Because of recruiting duties and a "very pregnant wife," Mitchell wasn't able to spend as much time rehearsing as he'd planned, so he really didn't start practicing his moves, which included James Brown and Britney Spears tributes, until 18 days out.
"So the dance choreographer Dawn Walters, God bless her, says, 'You have to do this split," he said. "On Oct. 1, I could barely just get into the position stationary. I was sitting on the floor and I was like, 'There's no way I can get this done.'"
So Walters forced him to start stretching.
"I danced for about 45 minutes back in the dressing room to try to get my muscles loosened up to get the split, so we did the split, and that's really all that had to happen in the dance was the split," he said.
It drew mixed reviews from his Kentucky players.
"It was pretty good," junior guard Bria Goss said of Friday's performance. "It wasn't the best, but I couldn't do it, so I commend him."
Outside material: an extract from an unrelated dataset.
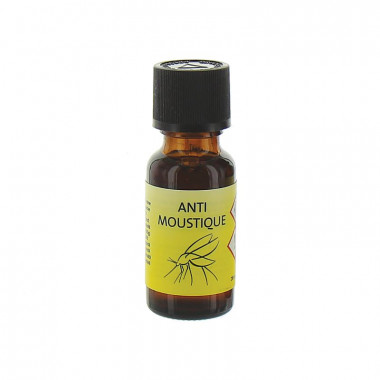 Herboristeria Anti Moustique 20ml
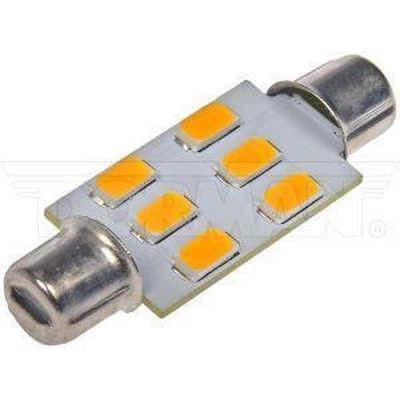 License Plate Light by DORMAN - 211A-HP pa14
When he did the move, the players watching on monitors behind the scenes at Rupp Arena were "just in the back yelling and screaming," Goss said.
After annual routines that have included a Michael Jackson tribute and Mitchell doing the Dougie, guard Jennifer O'Neill said she has tremendous sympathy for her head coach.
"I feel bad for him because now he has to do it every year," she said. "Now it's something that's expected of him."
Senior DeNesha Stallworth has zero sympathy for the aging, dancing, splitting one.
"He looks forward to it," she said. "I think he loves entertaining people, so I think he looks forward to it, actually."
So do his players and potential recruits.
"We love it," Stallworth said. "We have the coolest coach in the nation and we just enjoy him. When he did those splits, we were in awe. It was crazy."
Mitchell's dance routine even caught the attention of a very busy coach on the other side of campus.
"I'd like to see Matthew Mitchell do his dance (in person)," UK football coach Mark Stoops said on Monday.
When asked whether he'd be willing to dance to get a top-level recruit, Stoops smiled.
"That's a good question," Stoops said. "I probably would. As a matter of fact, I know I would. I probably have. I'm just not as talented as Matthew, so I can't do it for everybody to see."
Everything lining up?
Less than a month ago, the NCAA announced that Kentucky would get a chance to play host to the first and second rounds of the NCAA Tournament this season.
That news broke the same day that Mitchell's newest daughter was born, so the coach admitted he hadn't had time to even discuss it with his team.
"I probably need to go over that with the team and tell them I've had my hands full here the last couple weeks and that slipped by me," he said.
Lucky for Mitchell, his players mostly seemed well aware of the opportunity in front of them to perhaps play in Lexington and then maybe a regional as close as Louisville with a chance to travel to the Final Four in nearby Nashville.
When asked whether it felt almost like divine intervention, Bria Goss smiled.
"We've got all the pieces," she said. "It's really a blessing to us that we'll have that opportunity. We always play well with our fans here and this just opens our eyes to some new opportunities."
One of the most popular players on Media Day was freshman Makayla Epps, daughter of former UK point guard Anthony Epps.
The Kentucky Miss Basketball and McDonald's All-American, whom Mitchell said can play any of the five positions on the floor, didn't mind fielding father-daughter questions.
So what advice did her father offer?
"Just never to get discouraged, never get down on myself, because I have my tendency moments where I do that, just because things don't go right," she said. "But that happens; his best advice is don't get down, don't get discouraged, and just work hard."
And if she needs him, he's just a text away.
"If I ever have a question about anything, I know that I can send him a text and he'll get back with me — in long paragraphs," she said. "It's never nothing short; he always has plenty to say and he always is there to help me."
Do her UK teammates know who her father is or his place in school history? Former Marion County teammate Kyvin Goodin-Rogers, daughter of former Louisville player Tick Rogers, knows, Epps said. And Bardstown native Samantha Drake knows of the elder Epps.
Other than that "I don't know if any of the out-of-state kids know," she said. "I don't know. Maybe they've heard of him."